It’s the Pitts
Being put in a position of authority is ego expanding but it also exposes a person to insult and injury. Just ask a politician, editor or a bull grader.
In the cattle business one of the highest positions of honor that a rancher can hope to achieve is to be asked to be a bull grader at one of the many sales that take place throughout the west. To be chosen as a bull grader means that you are a respected judge of the bovine body and a leader among men. It also means that the sale management hopes that you will hang around after your grading duties are over and buy a few bulls in the sale. Grading bulls doesn’t pay anything, usually just a steak dinner, but it sure elevates a person’s feelings about himself. That is, until a consignor disagrees with your appraisal of their bull. Then it can get really nasty.
Adolf had been trying for years to breed a bull in his small herd that would be good enough to make the grade at his county all breed bull sale. Alas, every year it was the same result: Adolf’s bull went home in the same trailer that it arrived in.
It was an annual rite of Fall: Adolf loaded up his bull and hauled him to the sale yard for the big sale only to have the panel of commercial cattlemen score his bull so low that the bull was ineligible to sell. Adolf was not asking much; he didn’t want a plaque, a blue ribbon or a trophy. Not even a high seller. He would have been as happy as a fly in a pie selling a bull for $1,000, just as long as his bull made the sale and Adolf got to see his name in the bull sale catalog.
Despite the yearly disappointment Adolf was just like a steer … he kept trying. Such was his determination that he embarked upon an artificial insemination program to upgrade the quality of his bulls. Surely this would be the year he got a bull into the county all breed sale.
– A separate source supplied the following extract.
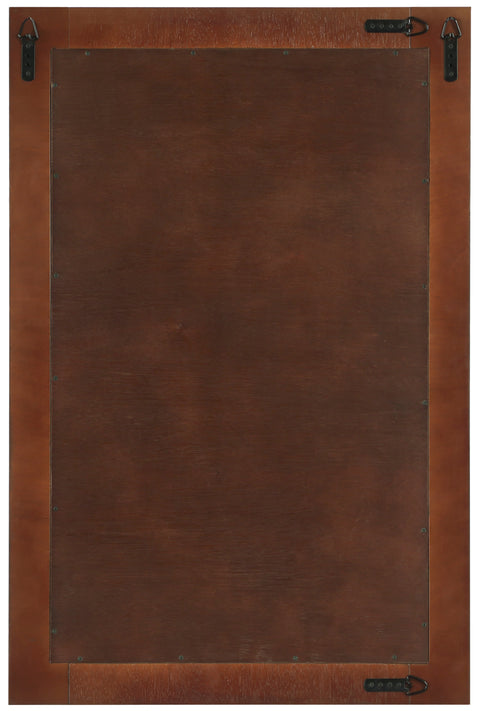Delaney 24" Walnut Birch Veneer Frame Mirror, 1 Piece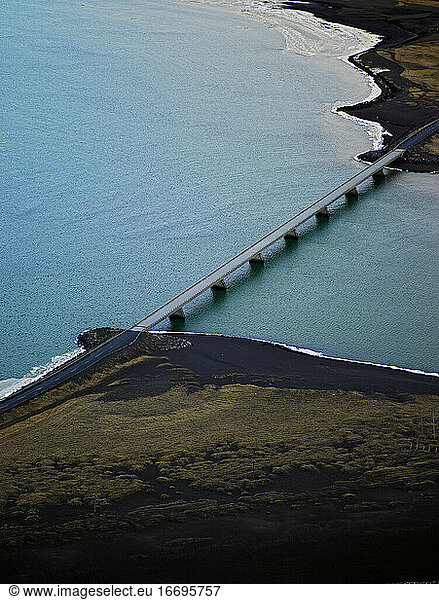 bridge over river mouth of the Olfusa river in south Iceland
But it was not to be yet again. After the graders appraised the offering Adolf’s bull was not to be found in the sale order. Not even on the last page. Adolf looked like a motherless calf but the sadness quickly turned to rage as he appraised the other bulls that made the sale. Surely his bull was just as good as they were. Madder than a rained on rooster, Adolf approached John, the sale manager and demanded to know, “What was wrong with my bull this year?”
Like all good sale managers John passed the buck and suggested that Adolf take the matter up with the graders, after all, it wasn’t John’s fault the bull graders had so wrongly sifted poor Adolf’s bull. The bull sure looked like fine stock to him. “There are the graders,” said John.” Why don’t you ask them what was wrong with your good bull.”
Adolf was clearly on the prod as he approached the graders. Without any howdie-doos Adolf lit into them. “I want you fellows to know that my bull is the product of artificial insemination and he is sired by one of the great bulls of the breed. I had two half brothers of this bull at home and one of them I sold for $1,200 and the other for $1,100. Despite the fact that I probably could have sold this bull back at the ranch I saved him for this sale and then you big-feeling idiots have the nerve to sift him and thereby deprive the ranchers in this area of the benefit of the excellent genetics in my program,” said Adolf proudly.
To this remark one of the graders replied in a condescending tone, “Adolf let me try to explain. My fellow bull grader here, George, was one of three children in his family. His two brothers were the smartest and most beautiful children you have ever seen. But George here, well, as you can see he is not all that pleasing to look at, if you know what I mean.”
Before the bull grader could continue Adolf interrupted. “No you don’t understand. This is different. I have all the records. I know who the sire of my bull is.”